One of New Zealand’s greatest sporting achievers has called time on her career.
Bowls legend Jo Edwards announced her retirement, after two decades at the top of her sport.
There have been many illustrious names grace our greens over the years but none have a record to match Edwards, regarded as the best bowler this country has produced.
Edwards is a double World Champion, after triumphs in Scotland (2004) and Christchurch (2008) and has three other medals at World Championships.
She has won three Commonwealth Games gold medals in Manchester (2002), Glasgow (2014) and Gold Coast (2018).
Edwards has also collected an unprecedented six World Cup singles titles and was part of the Blackjacks team that took out the Bowls Premier League in Australia in 2015. And if that’s not enough, Edwards has also amassed a record 646 caps since her Blackjacks debut in 2001.
Edwards made the call to retire mid November, though the idea had been percolating for a few months.

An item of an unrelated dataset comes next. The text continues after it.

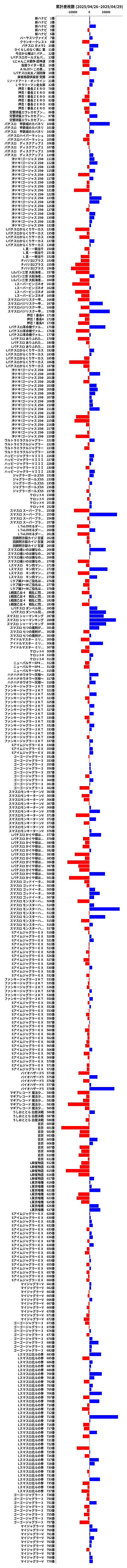累計差枚数の画像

“People have always told me ‘you know when you know’ and that is definitely true,” says Edwards.
“It’s always going to be hard and there is a definite sadness, but I also feel happy. It’s been 23 years – nearly half my life and this is perfect timing.”
The 50-year-old admits the decision wasn’t easy and followed weeks of tough conversations with her husband (and former national coach) Dave, but it is the right call.

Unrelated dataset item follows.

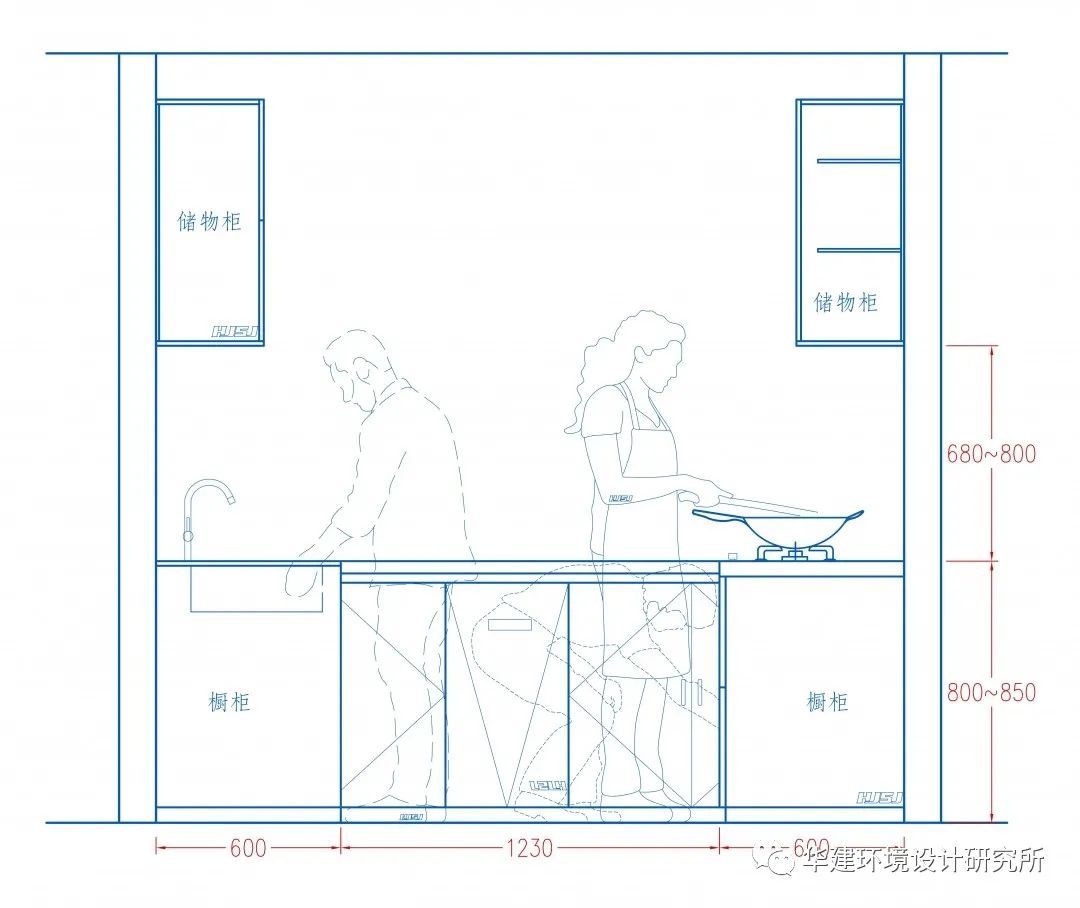 廚房最小尺寸標準設計指引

“The  World Championships event was always an aim,” says Edwards. “But it didn’t go ahead this year and who knows about 2021. But I also wanted to give Bowls New Zealand time to put together new teams and I knew if I wasn’t fully committed then it wasn’t going to work.”
Edwards is enthusiastic about the next generation.
“There is a real depth in the sport” says Edwards. “There are so many good players on the scene coming through.”
Long time former national coach Dave Edwards identifies three keys to Edwards’ incredible success.
“She is a talented sportsperson no doubt and has excelled in other sports before Bowls,” says Edwards.
“But she was also incredibly dedicated to preparation; she used to talk about coming back from tournaments with ‘no what-ifs’. And she had an unbelievable hunger and desire...she found a way to win.”
Edwards admits it is hard to put into words what the sport has given her.
“I’ve been so lucky,” says Edwards. “The success you have, the people you meet, the places that you get to see.”
“It’s been a lot of hard work and there has been a hell of a lot of people involved in that. And thankfully the selectors always had faith in me.”